Der von Ihnen so hoch gelobte Kollege Andreas Pinkwart, der Vorgänger von Frau Ministerin Schulze, hat gesagt: Ich stimme in der Einschätzung mit Frau Schulze überein, dass die Hochschulen in NRW auf diese Aufgabe gut vorbereitet sind. – Lesen Sie einmal im „Bonner General-Anzeiger“ nach. Das hat Herr Pinkwart dort geäußert.

(Dietmar Bell [SPD]: Hört, hört!)

Ich habe Andreas Pinkwart auch immer geschätzt. Im Gegensatz zu Ihnen hat die SPD-Fraktion dort, wo richtige Politik gemacht wurde, Ihren Wissenschaftsminister auch als Opposition unterstützt. Das verweigern Sie hier in diesem Raum.

Wenn es den doppelten Abiturjahrgang in den nächsten Jahren abzusichern gilt, dann geht es darum, dass der Bund zusätzliches Geld zur Verfügung stellen muss, damit der Deckel zur Schaffung zusätzlicher Studienplätze angehoben wird. Ich muss sagen: Frau Schavan war schon ein Stück weiter als die jetzige Bildungsministerin in Berlin, Frau Wanka. Es wäre Ihre Aufgabe auch aus der Opposition heraus, in Berlin für Nordrhein-Westfalen gute Politik zu machen.

Aber Sie verweigern sich oder Sie haben überhaupt keine Kontakte. Ich weiß ja auch nicht, was Ihr Landesvorsitzender, den man hier selten sieht, macht und welche Kontakte er nutzen könnte, meine Damen und Herren.

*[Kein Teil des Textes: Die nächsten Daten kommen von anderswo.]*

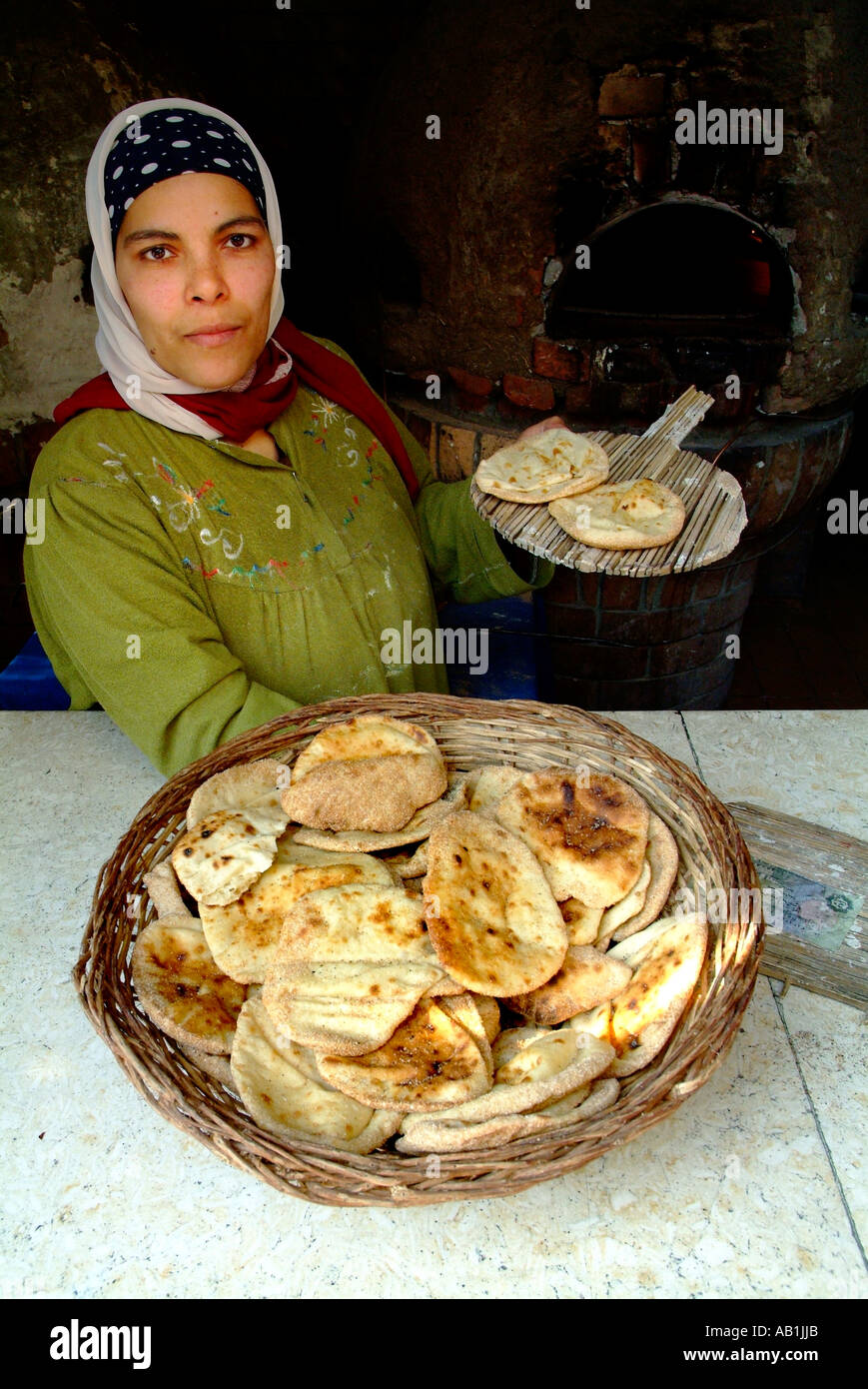 Egyptian woman witk local bread basket,Cairo,Egypt Stock Photo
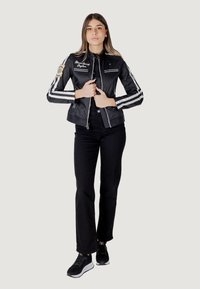 Giacca leggera nera con strisce bianche e toppe ricamate; presenta una chiusura a zip e un design aderente, abbinata a pantaloni neri e sneaker.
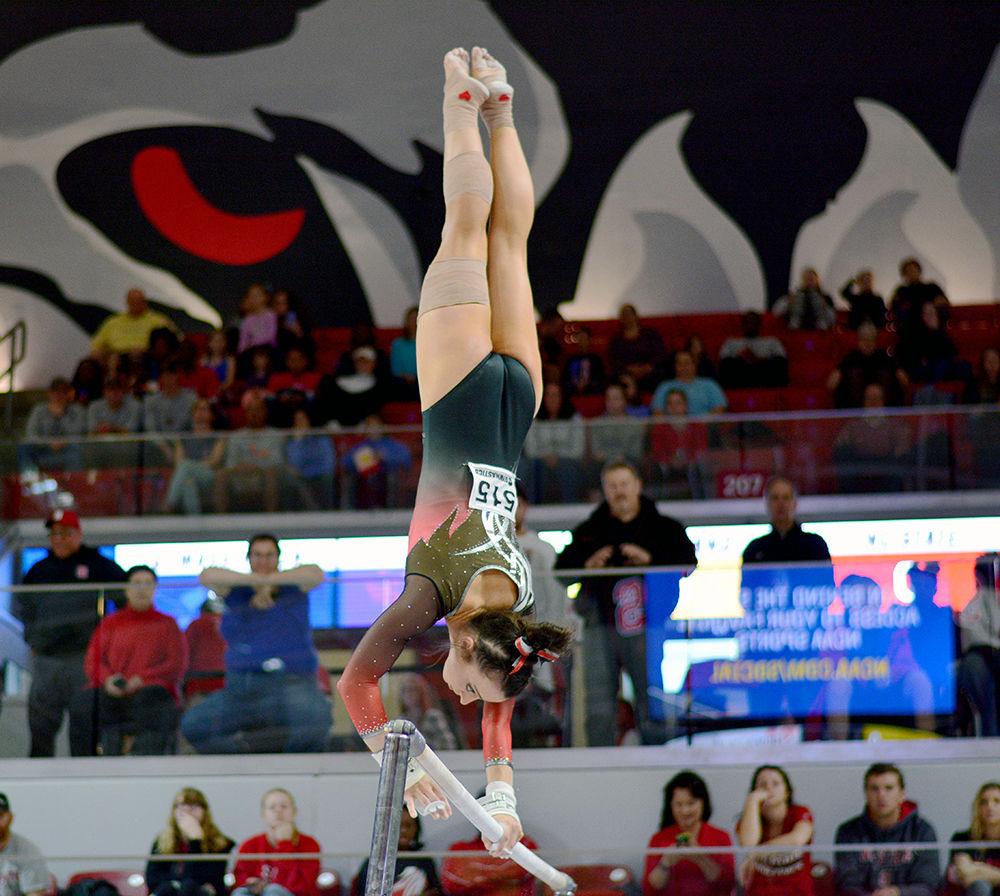 Senior Nicole Wild balances herself on the bars in the NCAA Regional Championship at Reynolds Coliseum on Saturday. She scored 9.750 in this event.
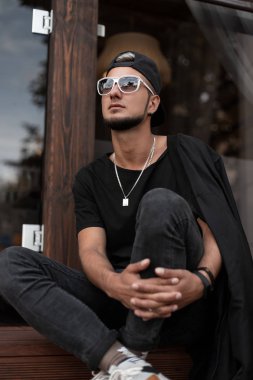 Beyaz moda güneş gözlüğü ile siyah şık t-shirt bir şık siyah kap bir sakal ile serin genç adam oturur ve bir kafede yakın merdivenlerde rüyalar. Şehir içinde açık havada kentsel hipster adam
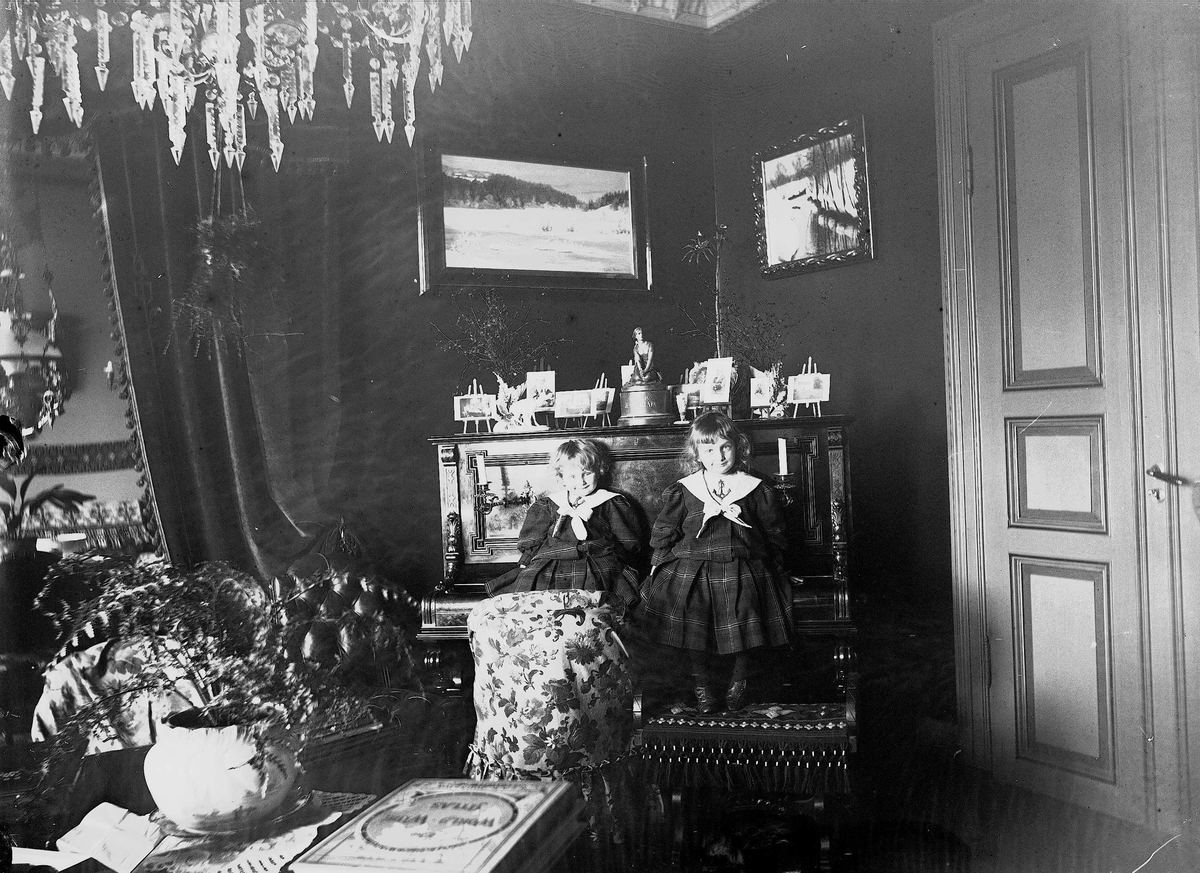 Gudrun og Karen Q. Wiborg sitter på piano i stue, Meltzers gate 9, Oslo, 1899. Fotografier i ramme plassert på pianoet.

Noch einmal: Die Äußerungen, die Sie hier zum Haushalt getroffen haben, sind richtig. Die Hochschulen haben Globalhaushalte in einem Umfang wie noch nie: 4,4 Milliarden €. – Ich füge hinzu, dass die Hochschulvereinbarung 2015, die unseren Hochschulen Planungssicherheit gibt, ganz wesentliche Voraussetzungen dafür geschaffen hat, dass unsere Hochschulen vernünftig wirtschaften können.

Meine Damen und Herren, Sie erkennen: Die SPDFraktion unterstützt die erfolgreiche Politik von Frau Ministerin Schulze. Auf diesem Weg werden wir weitermachen und Ihren Irreführungen und Äußerungen zu der Situation an unseren Hochschulen und in den Verbänden nicht folgen. Die Welt sieht anders aus. Die Welt ist nicht so, wie Sie sie für sich interpretieren, Herr Dr. Berger. Man weiß zwar, wo man wohnt, aber man sollte auch wissen, wo man lebt. – Herzlich Dank für Ihre Aufmerksamkeit.

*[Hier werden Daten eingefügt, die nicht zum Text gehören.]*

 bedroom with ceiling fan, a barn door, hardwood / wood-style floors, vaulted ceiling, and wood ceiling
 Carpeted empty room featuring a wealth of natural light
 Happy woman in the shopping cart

(Beifall von der SPD und den GRÜNEN)

Vielen Dank, Herr Kollege Schultheis. – Für die FDP-Fraktion spricht nun Frau Kollegin Freimuth.

Herr Präsident! Liebe Kolleginnen und Kollegen! Meine sehr verehrten Damen und Herren! Bei der Beratung des Einzelplans für Innovation, Wissenschaft und Forschung geht es nicht nur um ein hohes Etatvolumen, sondern auch um ein wichtiges Anliegen der Landespolitik.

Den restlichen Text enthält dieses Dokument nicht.